# UK registered Vehicle in USA



## Do28 (Dec 21, 2010)

How long can I use a non US vehicle in Florida before having to re register it?

I am planning on shipping a couple of my motorbikes out having discovered I can ship for less than 500 quid.

Is there is time limit before I would be required to re-register them?

Which licence would I ride them on?


----------



## PDXnative (Aug 5, 2008)

You cannot bring a vehicle into the US, unless it meets EPA requirements, which are pretty strict, or if the vehicle is at least 21 years old. You can read all about it here:

Automotive Imports Facts Manual | Importing Vehicles and Engines | US EPA


----------



## Do28 (Dec 21, 2010)

The bike is a 97 and is an ex military Harley Davidson which meets the California emissions standards. There are already at least a dozen of them in the USA that I have restored and sold to the US over the last year. I restore them in my spare time.

They were used by both the US and British Military.


----------



## twostep (Apr 3, 2008)

What basis do you plan to register the bikes on? Start with FL DMV's site please.


----------



## goodman (Oct 3, 2009)

flybe said:


> How long can I use a non US vehicle in Florida before having to re register it?
> 
> I am planning on shipping a couple of my motorbikes out having discovered I can ship for less than 500 quid.
> 
> ...


We made the big mistake of shipping our vehicle & Harley Davidson from UK to California. Once they arrived we were told they could only be kept here for a year & then they had to be shipped back (they do not conform to Californian specifications, even the Harley!!!) I don't know if the rules are the same for Florida but I would check this out before shipping your motorbikes. We also had to register the vehicles & get license plates almost immediately.

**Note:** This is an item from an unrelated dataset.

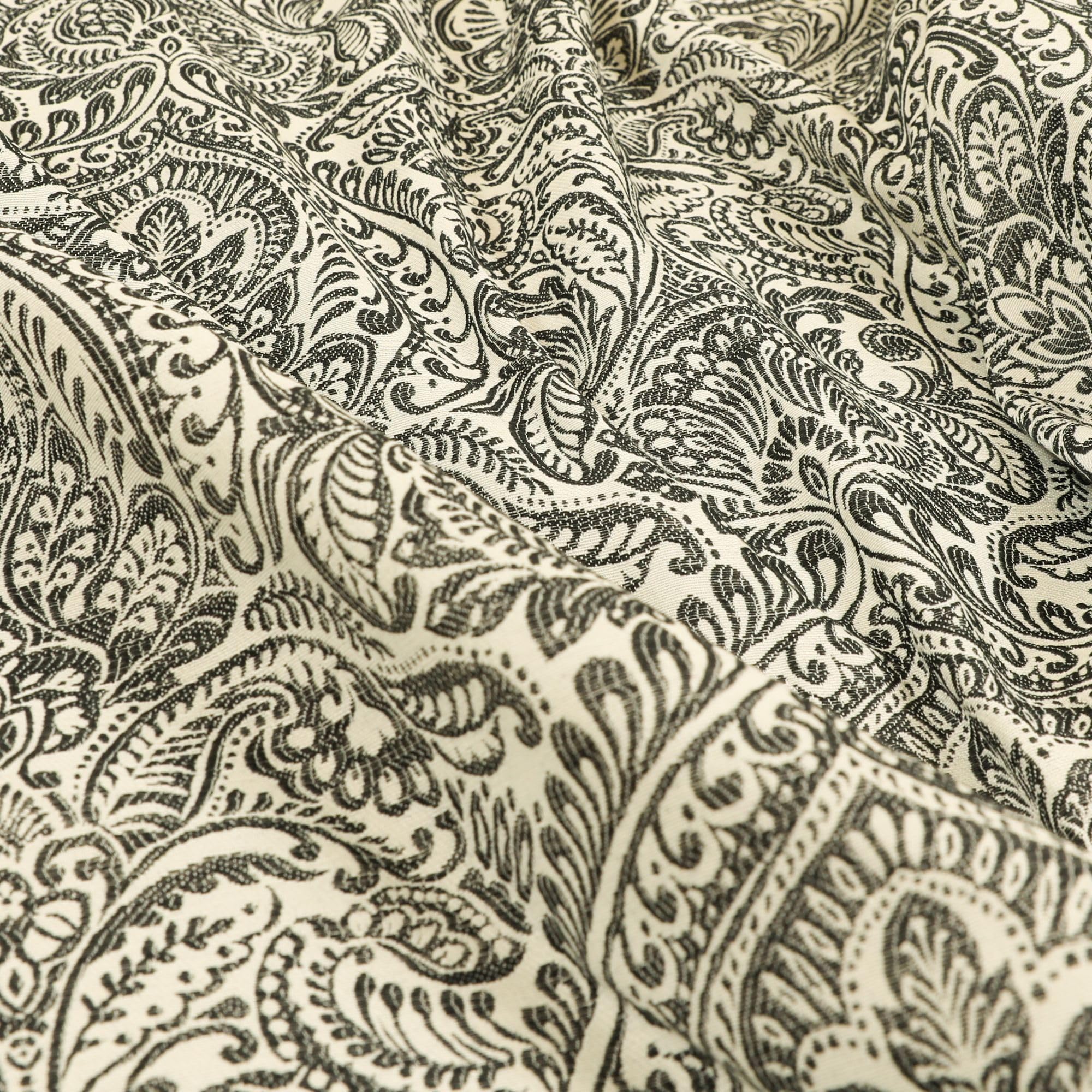Redbrick Mill Fabrics Flame Retardant Lightweight Chenille Damask Floral Pattern Furnishing Upholstery Curtain Fabric by The Metre, Grey (Per Metre) โ image 1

The whole process was complicated & a hassle and we just wish we hadn't bothered plus the expense of shipping them back & trying to sell them in the UK when we are in the US.


----------



## Do28 (Dec 21, 2010)

goodman said:


> We made the big mistake of shipping our vehicle & Harley Davidson from UK to California. Once they arrived we were told they could only be kept here for a year & then they had to be shipped back (they do not conform to Californian specifications, even the Harley!!!) I don't know if the rules are the same for Florida but I would check this out before shipping your motorbikes. We also had to register the vehicles & get license plates almost immediately. The whole process was complicated & a hassle and we just wish we hadn't bothered plus the expense of shipping them back & trying to sell them in the UK when we are in the US.

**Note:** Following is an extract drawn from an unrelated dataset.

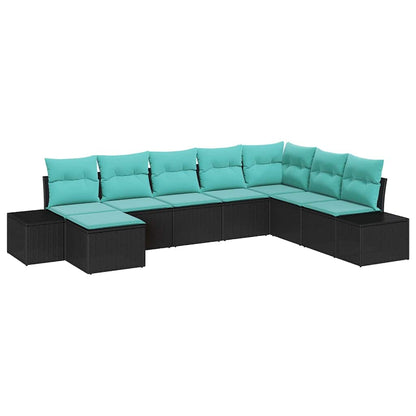 Set Divano da Giardino 8 pz Nero polyrattan | homemem39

Well after much messing around finally got the all important EPA paperwork from the various bikes manufacturers. I managed to get 2 out of 3 bikes I wanted to bring with me issued with the correct paperwork. The 3rd is going to have to go in storage.

To get the paperwork for the Harley and the Suzuki I needed to provide a copy of the logbooks for each bike to customer services at HD and Suzuki. They then use the frame and engine numbers to see if the bikes are on the NHTSA list of bikes that can be imported into the USA. If they are on the list then they issue a certificate of compliance to state that they can be imported and meet the EPA regulations. This is then given to the import company in order to get them cleared through customs. Once through customs you get a paperwork pack to take to the DMV. My Yamaha did not have a direct USA equivalent so I can't get the paperwork for it.

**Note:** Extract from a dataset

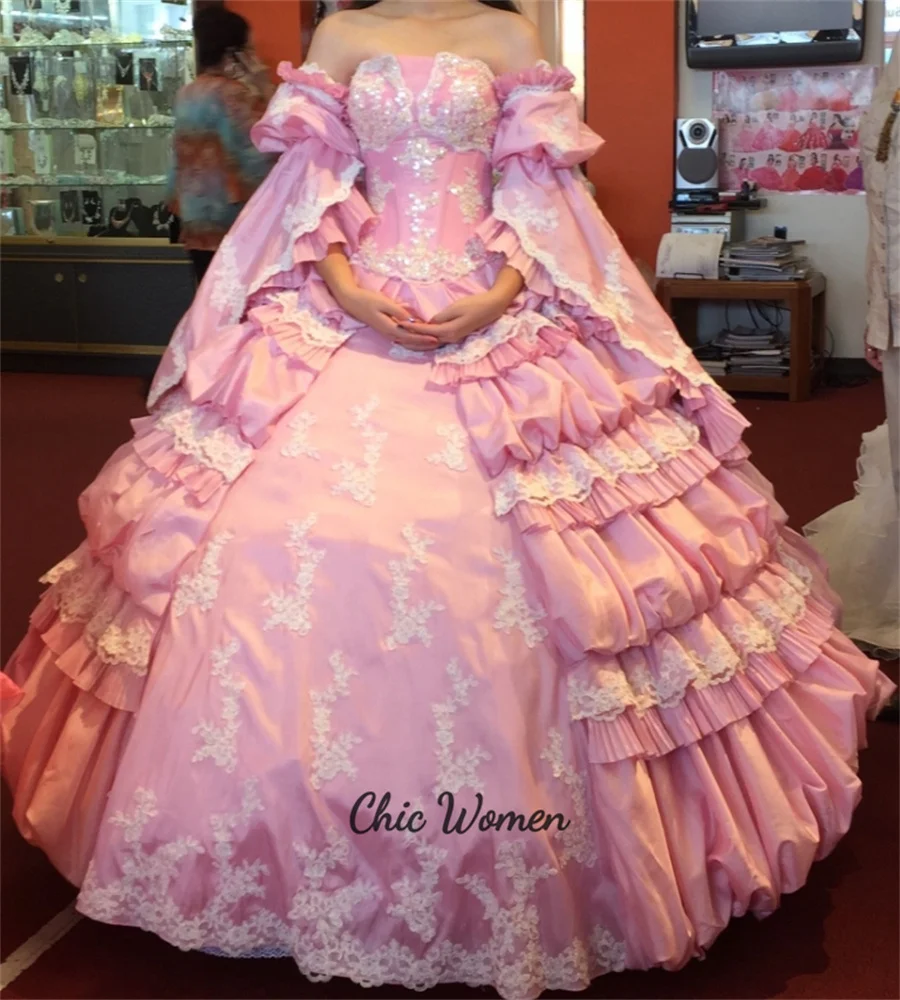 Princess Pink Mexican Quinceanera Dress Sexy Customized Lace Tiered Ball Gown Prom Dress Charro Xv Para Vestido De 15 Anos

It should be noted that there are special versions of motorcycles for use in California so a bike that may be allowed to be imported to the USA and used in other states may not be allowed to be used in California on a permanent basis. 

Once in Florida the bikes are subject to the 6% use tax even if you have owned them more than 6 months but it is based on current value not original value and items over a certain age are given a zero value. So worse case looks like one is free of tax and the other is a couple of hundred dollars. Much better than selling and starting again.


----------